With increased use of diamond drills for mineral exploration and sourcing artesian water, he gained such expertise that in 1885 he was also appointed NSW Superintendent of Diamond Drills, a program that under his guidance made valuable developments, particularly as to engineering and public health. On 5 December 1888 he was elected a Fellow of the Geological Society, London.[4]
Mining accidents had decreased markedly as a result of his efforts, but there were still many tragedies, the worst being the Bulli coal mine disaster of 1887 that killed 81 men and boys. All through the mid-1880s an annual average of ten men died in New South Wales mines. Slee's 1888 annual report mentions twelve fatalities, eight in silver mining, two in gold mining, one each in copper mining and tin mining.

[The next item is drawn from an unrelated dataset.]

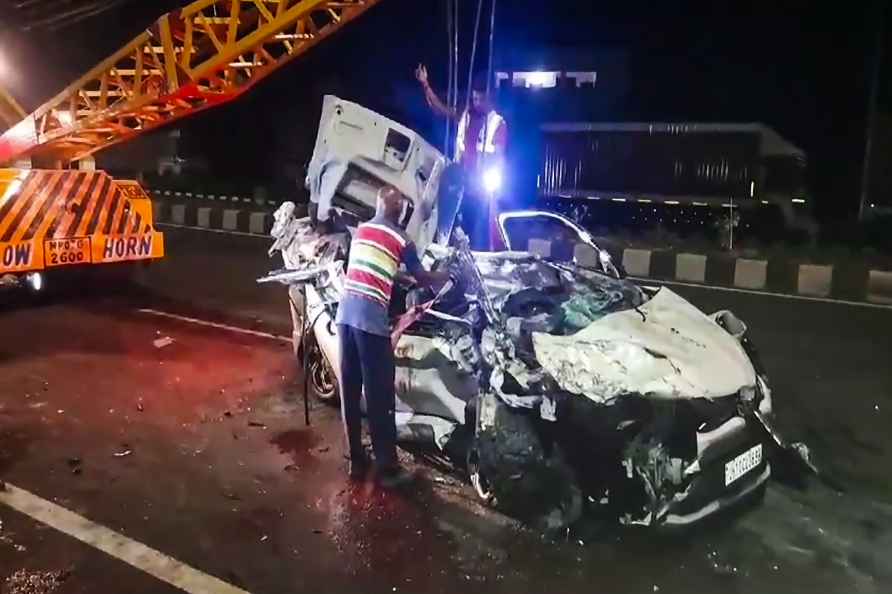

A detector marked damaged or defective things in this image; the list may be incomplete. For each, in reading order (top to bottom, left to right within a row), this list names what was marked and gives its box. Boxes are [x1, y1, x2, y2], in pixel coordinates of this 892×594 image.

severely damaged car [260, 97, 780, 528]
crumpled hood [532, 286, 756, 402]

In 1890 he was appointed Chief Inspector of Mines for NSW, based in Sydney, with a staff that grew to nine mining inspectors.[5] By now he was a Justice of the Peace, as well as a member of the Prospecting Board. On 1 June 1896 he was additionally appointed Mining Warden for the entire colony of New South Wales, the first such appointment.[6] Commencing that same year, 1896, he actively advised and assisted several geological expeditions of The Royal Society that had been appointed to investigate coral reef structures by boring at Funafuti atoll.[7]

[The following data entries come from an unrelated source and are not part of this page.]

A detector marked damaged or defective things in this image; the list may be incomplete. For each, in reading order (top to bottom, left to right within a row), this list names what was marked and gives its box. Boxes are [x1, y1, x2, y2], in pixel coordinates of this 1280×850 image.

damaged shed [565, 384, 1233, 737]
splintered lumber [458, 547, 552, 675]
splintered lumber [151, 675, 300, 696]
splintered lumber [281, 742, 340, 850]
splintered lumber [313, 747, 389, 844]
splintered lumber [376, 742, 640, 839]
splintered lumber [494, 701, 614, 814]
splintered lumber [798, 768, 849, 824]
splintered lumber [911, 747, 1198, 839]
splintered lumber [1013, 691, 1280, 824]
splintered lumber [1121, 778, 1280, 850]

In 1899 newspapers reported that W.H.J. Slee was ill at his Sydney home suffering from chronic bronchitis. In August 1903, after 28 years of public service to the NSW mining industry, he was granted leave of absence so as to retire in August 1904.[8] W.H.J. Slee died at his home at Turramurra, on Sydney's North Shore, on 10 April 1907, aged 71.[9] His wife, Emma, died in 1929 in Manly. His major published works include Mineral Deposits, etc., in New South Wales, 1896. His numerous published reports on mining districts and the principal mines throughout NSW now form an important part of the historical record of those districts. Slee Street in Wyalong, Slee Street in Fifield, and Slee Street, in the now ghost town of Bobadah, are named after him.